Two tips for newbies: There are lots and lots of trekking poles on the caminos. Some albergues require pilgrims to place their trekking poles in an umbrella stand close to the shoe racks. It would be very easy to accidentally (or not) pick up another set of poles the next morning. On more than one occasion, we heard pilgrims complain that someone stole their poles. To limit this, we decorated our trekking poles with unique colorful tape and painted our poles in a few locations so we could easily identify our poles in the morning. This is no longer an issue since during our last camino and the one this fall, we will stay in private rooms and bring our poles into our rooms with us.

Secondly, as a courtesy to other pilgrims and folks in towns that you walk through, please use rubber tips to cover the metal ends of your poles. Otherwise, the constant clank, clank, clank of metal on concrete / asphalt can be be quite annoying. I still recall during our first camino we followed a pilgrim that clanked his way ahead of us for several kilometers. Then we approached the green metal bridge over the railroad tracks before entering Astorga. He clanked his way up the ramp and back down. Quite annoying ! !

Bob
 
Year of past OR future Camino
CF 2014, CF 2018, CP 2019 from Coimbra
I was 47 on my first camino, and various hiker friends advised me before I left that I was young, that poles were unnecessary etc etc. Worried about carry-on baggage, I did not take any with me.

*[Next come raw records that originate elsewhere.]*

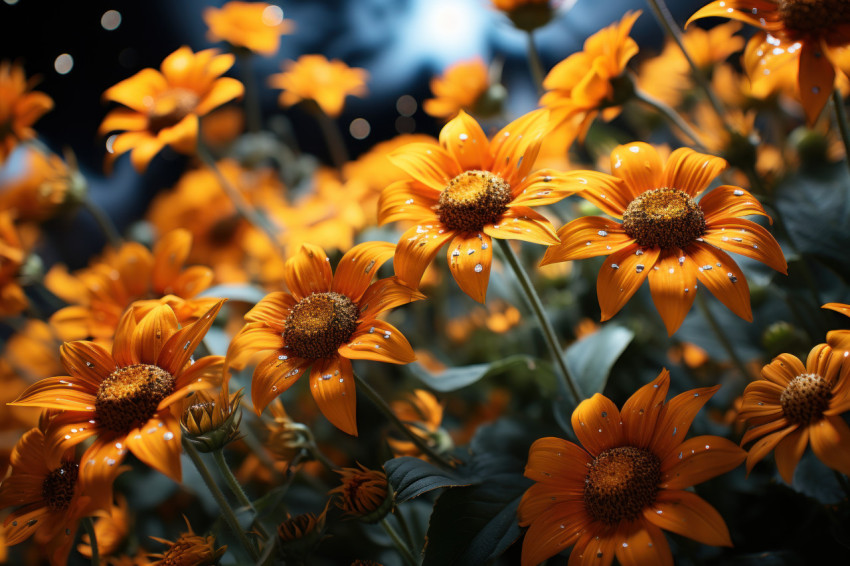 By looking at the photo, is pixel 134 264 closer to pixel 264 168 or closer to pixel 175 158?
pixel 264 168

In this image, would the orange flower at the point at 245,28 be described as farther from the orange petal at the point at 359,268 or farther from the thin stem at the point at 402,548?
the thin stem at the point at 402,548

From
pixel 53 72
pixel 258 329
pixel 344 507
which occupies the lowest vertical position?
pixel 344 507

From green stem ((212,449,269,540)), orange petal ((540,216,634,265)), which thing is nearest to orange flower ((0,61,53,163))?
green stem ((212,449,269,540))

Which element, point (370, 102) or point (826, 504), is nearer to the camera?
point (826, 504)

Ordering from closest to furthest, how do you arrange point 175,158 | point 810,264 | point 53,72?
point 810,264
point 53,72
point 175,158

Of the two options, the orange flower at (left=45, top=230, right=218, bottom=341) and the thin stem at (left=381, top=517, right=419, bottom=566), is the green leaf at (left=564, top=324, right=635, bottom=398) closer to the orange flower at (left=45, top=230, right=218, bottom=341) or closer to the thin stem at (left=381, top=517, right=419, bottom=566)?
the thin stem at (left=381, top=517, right=419, bottom=566)

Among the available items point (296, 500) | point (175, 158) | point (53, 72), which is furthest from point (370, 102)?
point (296, 500) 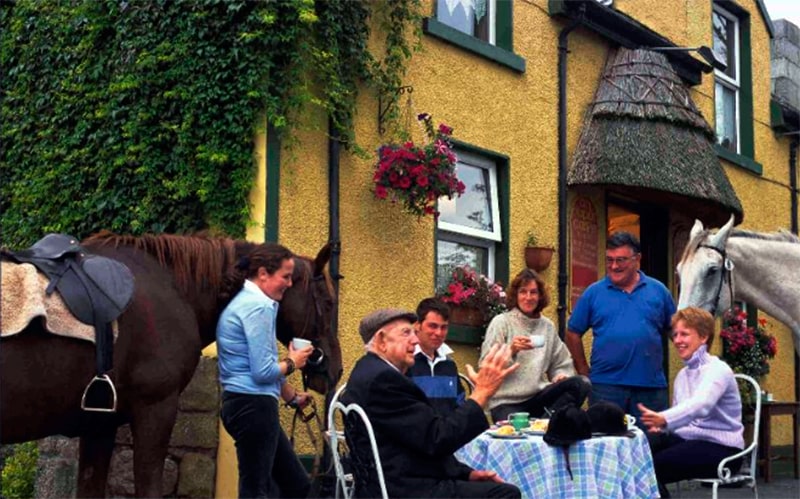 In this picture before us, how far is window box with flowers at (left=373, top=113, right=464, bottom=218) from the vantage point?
28.2 feet

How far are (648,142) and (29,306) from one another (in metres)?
7.51

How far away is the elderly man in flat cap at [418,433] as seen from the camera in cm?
460

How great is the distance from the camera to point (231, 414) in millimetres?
5926

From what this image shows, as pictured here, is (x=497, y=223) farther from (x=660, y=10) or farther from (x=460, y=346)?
(x=660, y=10)

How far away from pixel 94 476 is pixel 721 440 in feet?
11.2

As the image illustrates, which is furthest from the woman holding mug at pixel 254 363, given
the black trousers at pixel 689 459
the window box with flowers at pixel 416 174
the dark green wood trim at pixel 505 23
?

However, in a last minute flash of wisdom, I bought a pair of poles in Saint Jean and quickly figured out how to use them (with some help from a fellow walker). They were cheap, and heavy... and totally indispensable. I found that my speed increased immediately from my training walks leading into Camino, and that my hips and lower back stopped aching all the time.

When I returned home I bought a nice pair of Flick-Z Black Diamond poles and have been using them ever since, for almost every walk I take. One cannot waddle side-to-side with poles, and so our gait becomes more efficient, less likely to stress out the hips. The load distribution, the stress-relief... all so very worth it.

I now book a direct flight and check my pack instead of having it as carry-on. I wrap the poles and the entire pack in cello-wrap, and off It goes. I carry just enough in my 6L Osprey hip bag to get me through 24 hours if my pack should fail to deliver (but that hasn’t happened yet). And now that we can track our baggage with the UPC codes on our phones, I really don’t worry about a bag going missing.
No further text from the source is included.